The study, which polled 1,350 respondents across the country, found that 68 per cent of the respondents consider road travel in the UAE relatively safe. They welcome the idea of increased use of unmarked police vehicles to curb instances of breaking the speed limits on the roads.
General carelessness remains the second biggest concern, followed by drink driving, rubbernecking (insufficient distance between vehicles), and jumping of red signals.
Inconsiderate turning is at number six on the list, followed by loss of control due to tyre bursts and not using proper child restraints or seatbelts.
The consequences of speeding are fatal so much so that the UAE continuously increases the number of fixed and mobile speed traps or cameras on the roads in an attempt to reduce accidents.
Speed limits on some of the more dangerous highways in the country were also reduced, in addition to the aggressive nationwide awareness campaign against speeding.
The poll, conducted by the official English monthly of the Ministry of Interior, found that the problem is not a lack of awareness of the laws governing this issue, with 97 per cent of the respondents in all ages confirming their knowledge of traffic penalties. Yet, reigning speeding drivers seems to be elusive.

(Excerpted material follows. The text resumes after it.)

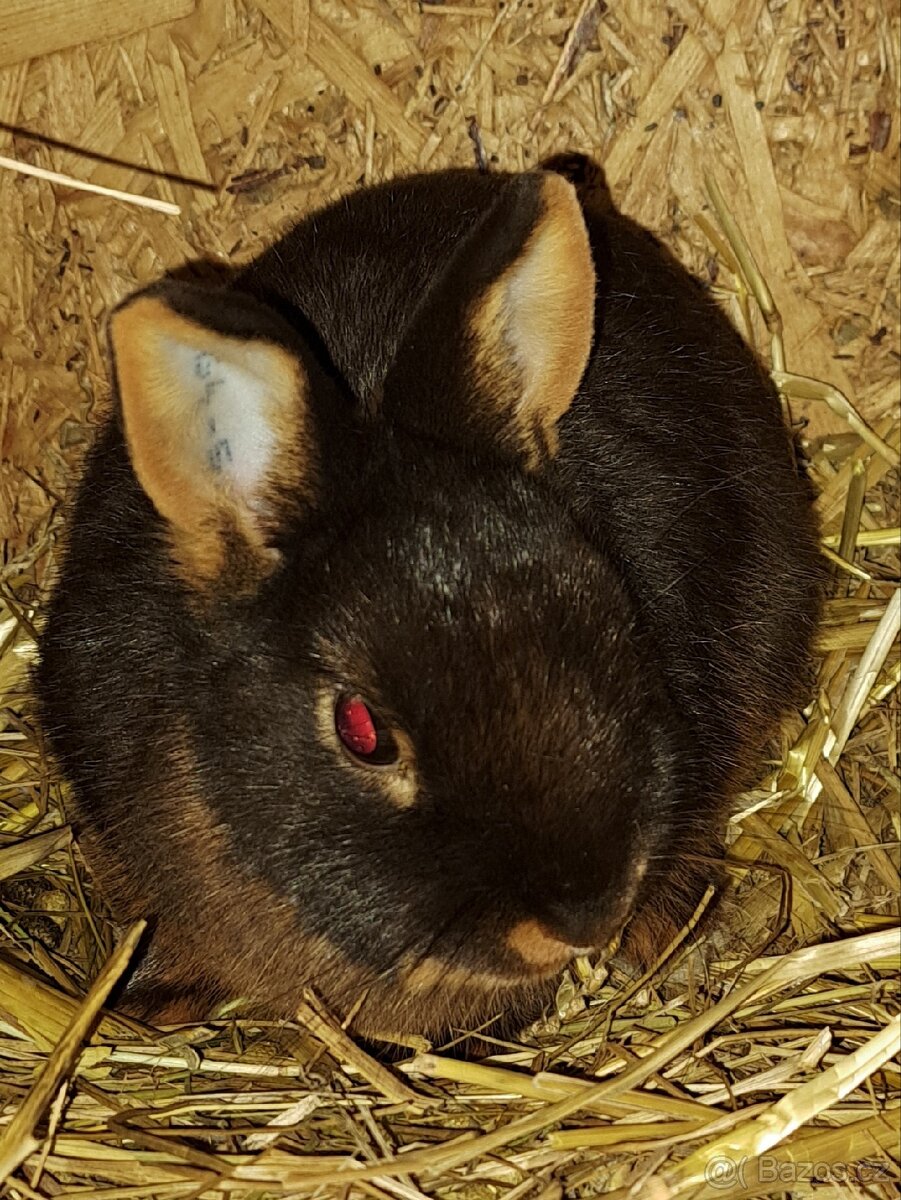 Zakrslí králíčci s rodokmenem - 3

To help end this problem, respondents believe the increased use of unmarked vehicles to detect road offenders would be a good idea. While two in three (66 per cent) said such measures are fair, a majority (56 per cent) favour an increase in the use of the same.
Lt-Colonel Awadh Saleh Al Kindi, Editor-in-Chief of 999, said: “We need to educate all motorists, especially the younger ones, about the dangers of speeding. The number of deaths and injuries being caused by speeding-related accidents has already come under the official scanner. “We have approached this through a two-pronged strategy: On one hand, officials have warned strict action against drivers who endanger the lives of other road users, besides their own; on the other, the police are carrying out awareness campaigns and encouraging family members of road accident victims to speak to young vehicle users, making them aware of the tragic consequences of a reckless joyride.
“We hope that everyone will start to do their part in safeguarding the lives of everyone by being a responsible motorist.”
Overall, around the country, police efforts have been paying off. Data from the General Directorate of Traffic Coordination at the Ministry of Interior show a decline in road fatalities in 2011 by 12.8 per cent compared to the year before. In 2010, there were 826 fatalities, while in 2011, the figure was 720.
During this period, collision and crash accidents declined by 11.6 per cent; the number of cases of overturned vehicles decreased more than 20 per cent; and car accidents involving pedestrians fell by 8.6 per cent.
The survey is published in the August edition of English 999 magazine, a part of the Strategic Plan of the Ministry of the Interior to provide media coverage for the activities and efforts of the ministry and Abu Dhabi Police. It also aims to encourage the public to contribute to the reduction of crime and enhancement of safety in the UAE.